There are a bunch of different shrimp species like this: fairy shrimp, brine shrimp, tadpole shrimp, dinosaur shrimp. Actually, I’m not sure which are actual species names, which are product spin, and which are just different names for the same thing. Back in the day, many of them were sold as sea monkeys, although these days companies have gotten a little more sophisticated in their marketing.


In fact, we got ours under the auspicious Smithsonian brand in a three-pack of kits. In the other two, you can create a volcano with glowing lava and excavate a plastic T-Rex skeleton out of a pressed gray block of some sediment-like substance.

The triops kit came with a small, thin plastic tank, a picture of a Tyranosaurus Rex as a tank backing to emphasize how prehistoric this little swimmers are (and becaue it’s a cool effect to have tiny shrimp swimming around the head of a T-Rex), and the invisible-to-the-eyes eggs in a packet of moss.

It took about 60 seconds to set everything up, which mostly just meant dumping everything in the tank with some room-temperature, filtered water. We took pictures of the set-up, but lost them somewhere on a hard drive or memory card. I’ll probably find them decades from now when I’m very old and very nostalgic for the days when we obsessed over still-frame digital information. But even though Id on’t have the photographic proof, we followed the directions exactly, except for the dino backing. I had some other ideas:


Now is it a Halloween post?

Next, we tried our hardest to kill the triops.

The first thing we did was lose their food. So two days later when we were surprised to see tiny white specs swimming purposefully around the tank, we ended up throwing some boiled vegetable matter in there, because they apparently eat everything, and they seemed to do okay. I assumed they were just eating each other, because water-logged broccoli looks disgusting. We did eventually get them some bottom feeder food from the pet store.


All told, we ended up with about a dozen of them that, over the course of the past couple of weeks, grew fast to various sizes, with the largest being about half an inch or so. In fact, they’re big enough that I’m realizing that they aren’t triops at all, but some other species. They look like brine shrimp, but since they’re living in fresh water, they're probably whatever the fresh water equivalent it. Anyway, the point is that this article is now neither about Halloween nor triops. Need to change the title.

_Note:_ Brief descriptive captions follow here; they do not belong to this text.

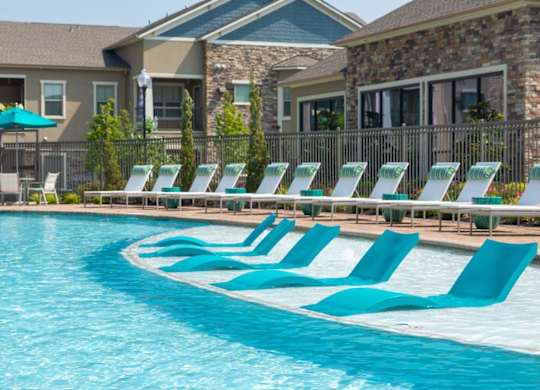 A row of blue lounge chairs are set up by a pool.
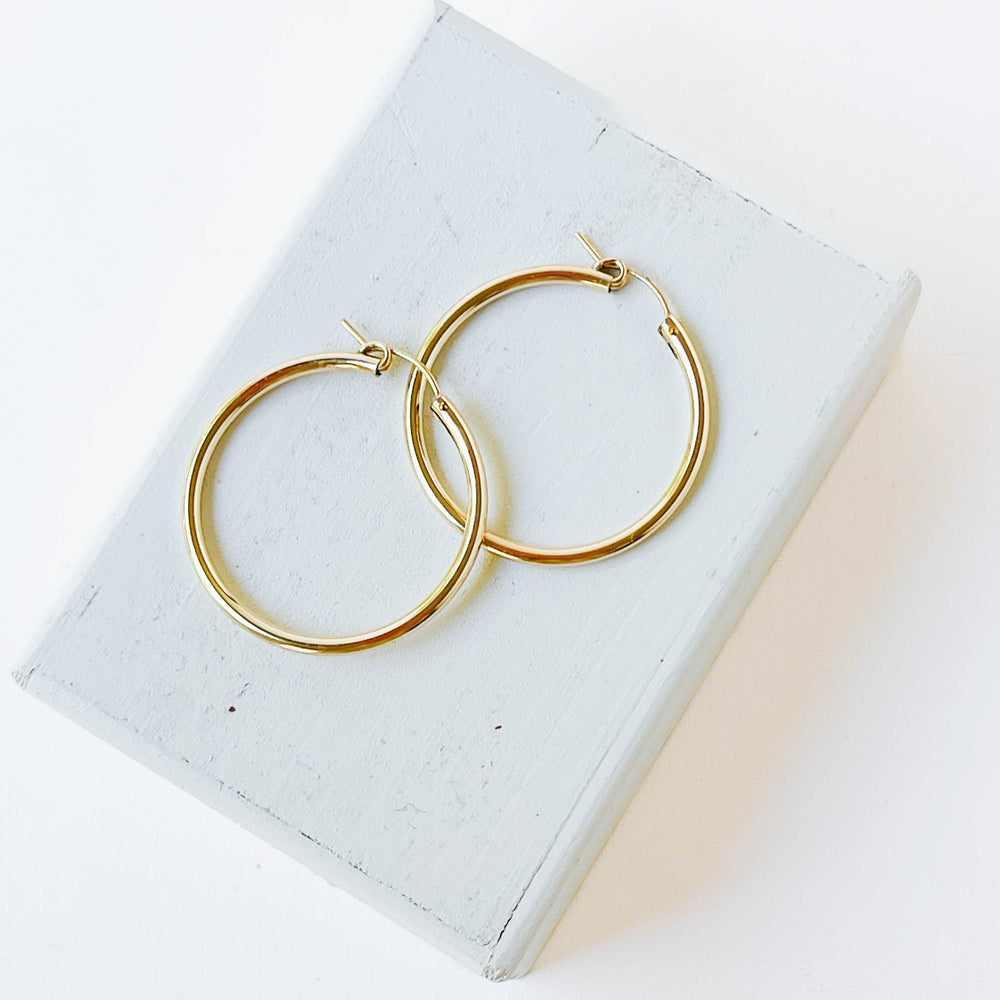 High-quality big 1.3" 14K Gold Filled hoop earings In hand.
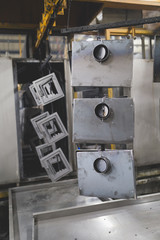 Metallurgy industry interiors. Details from factory for production of heavy pellet stoves and boilers. Sector for painting. 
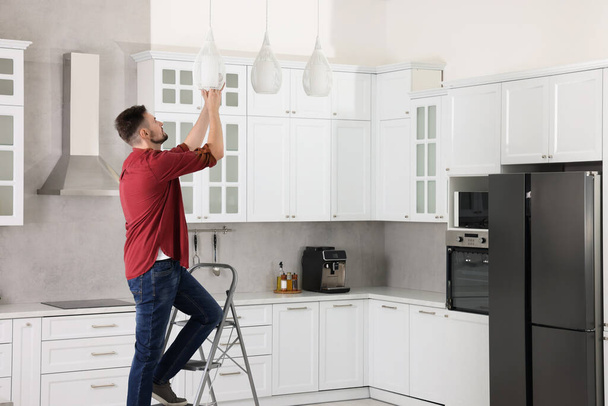 Young man installing ceiling lamp on stepladder in kitchen, space for text - Foto, imagen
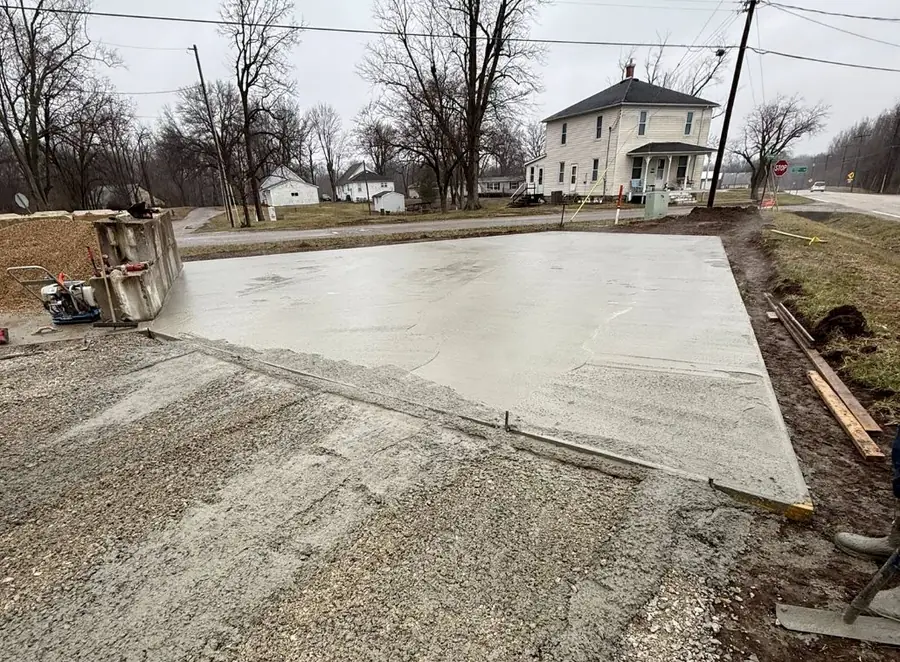 Poured concrete driveway beside a farmhouse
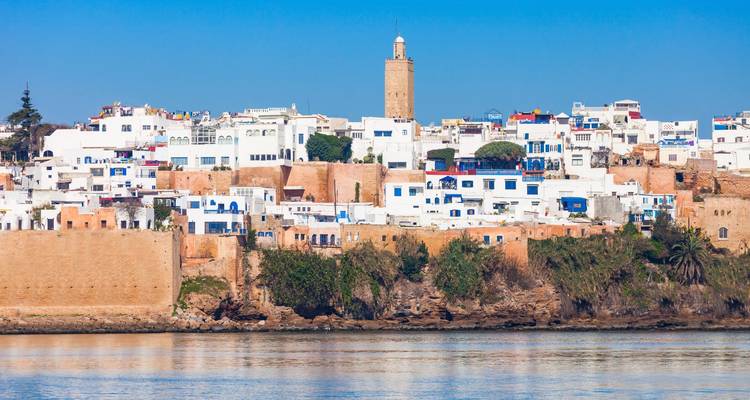 Witgekalkte huizen en een hoge minaret bovenop oude vestingwerken die uitkijken over kalm rivierwater in Rabat.
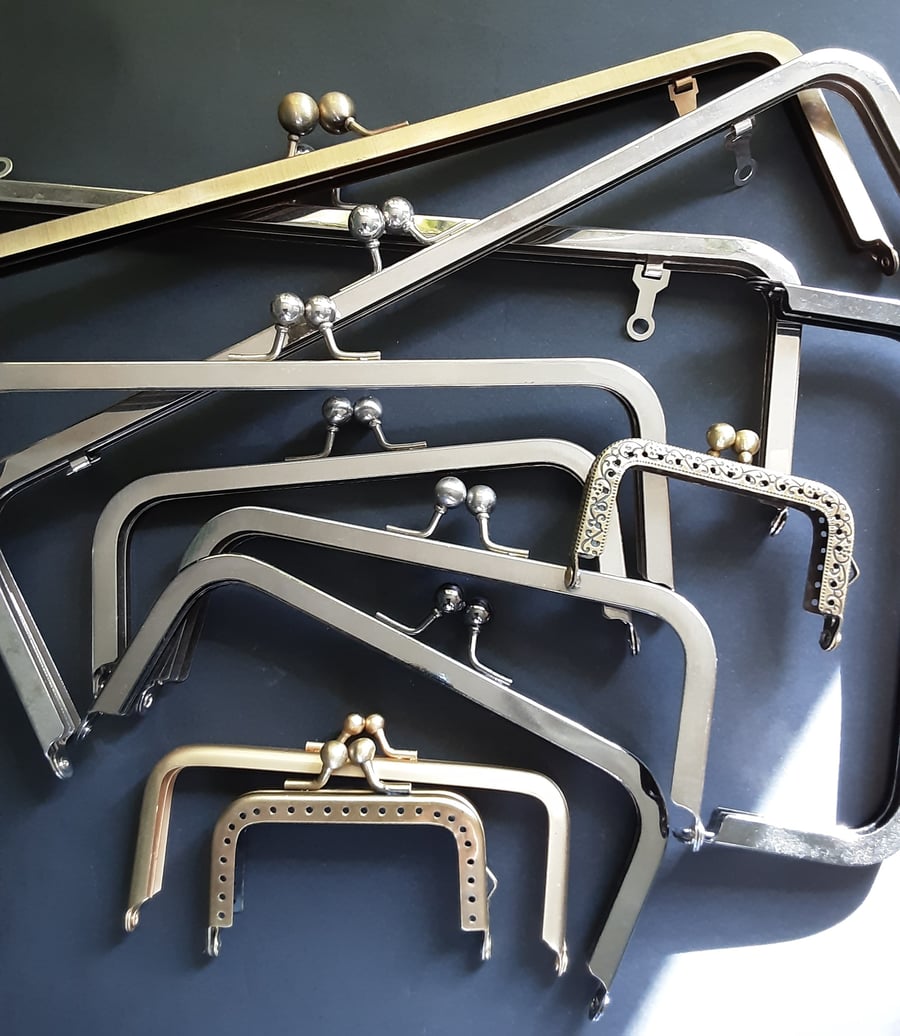 Bag Clasps. Eleven assorted designs and sizes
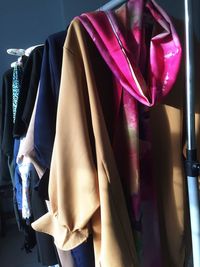 Close-up of clothes hanging on rack in store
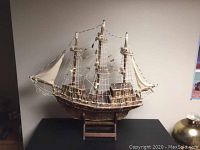 Front full view of the entire matchstick ship on stand showing three masts with sails and rigging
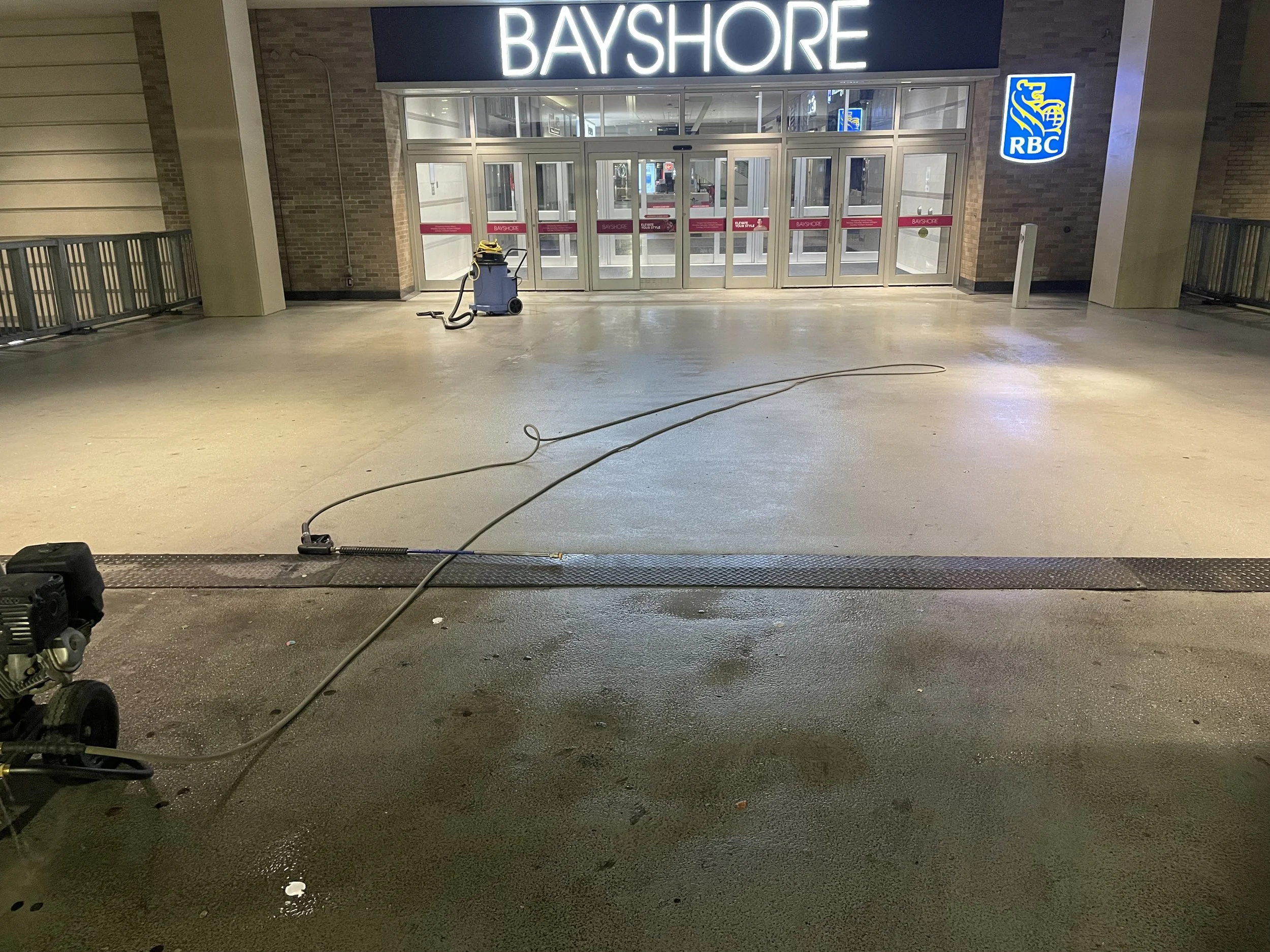 The entrance of a shopping mall or store called Bayshore, with a large illuminated sign, glass doors, and an RBC bank logo on the right side. There is a cleaning machine with a hose and water on the wet floor in front of the entrance.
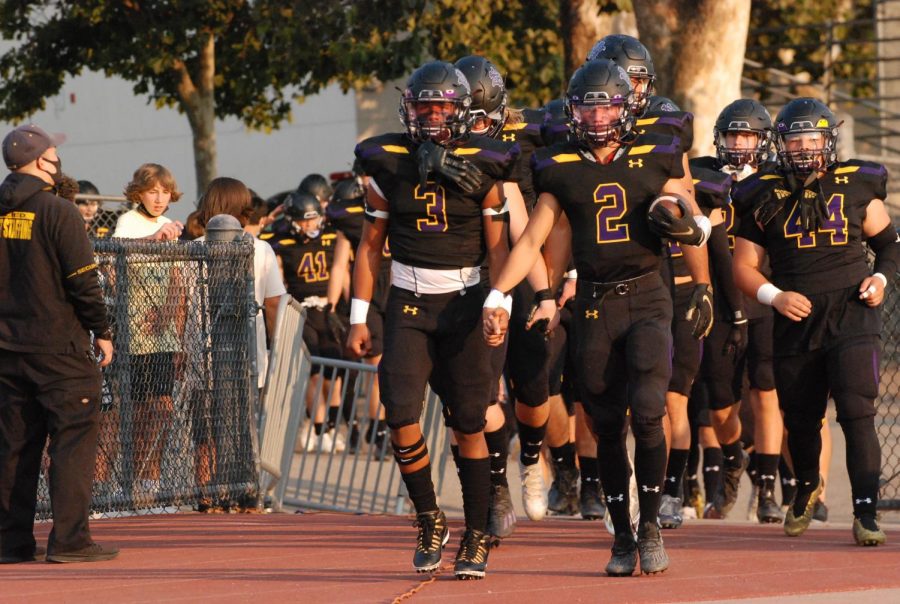 The varsity football marches onto the track.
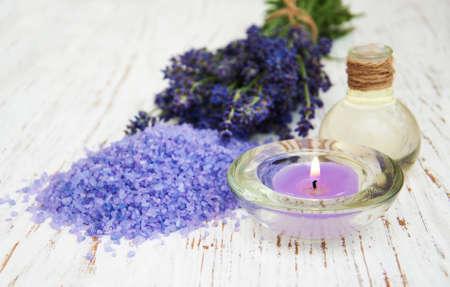 Lavender, sea salt and candle on a wooden backgroundの写真素材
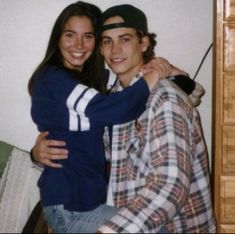 two people hugging each other while sitting on a bed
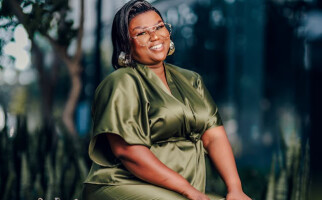 woman wearing a green jumpsuit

Anyway, they mostly swim on their backs like tiny alien otters, their multiple appendages combing the water for food. And they’re just the devils to take pictures of at my camera skill and equipment level. So my apologies for the bad pics and the fact that Darwin made them tiny, transparent, and fast. I should have called in my wife for this project, but trying to get them turned into still-frame digital information was the closest I was able to get to playing with my pets. They suck at fetching.


We threw the tank on a shelf in the bathroom for some reason, and the only upkeep I do is to stick some food in the tank every other day and then top off the water level when it evaporates. It’s literally the least I can do until they die. Which shouldn’t be too much longer since they have a lifespan of about one to three months.

They’ve been alive for about four weeks now. Of course, I’m not claiming that these guys are living a very high standard of life, just that at least they have their health. And, strangely, we’ve lately seen tiny white specs swimming purposefully among the adults. So maybe they have their health and sex.

If so, that is a high standard of life.

Whatever, though. I’m assuming we killed them all weeks ago through incompetence, and that these are just their ghosts.

It is Halloween, after all.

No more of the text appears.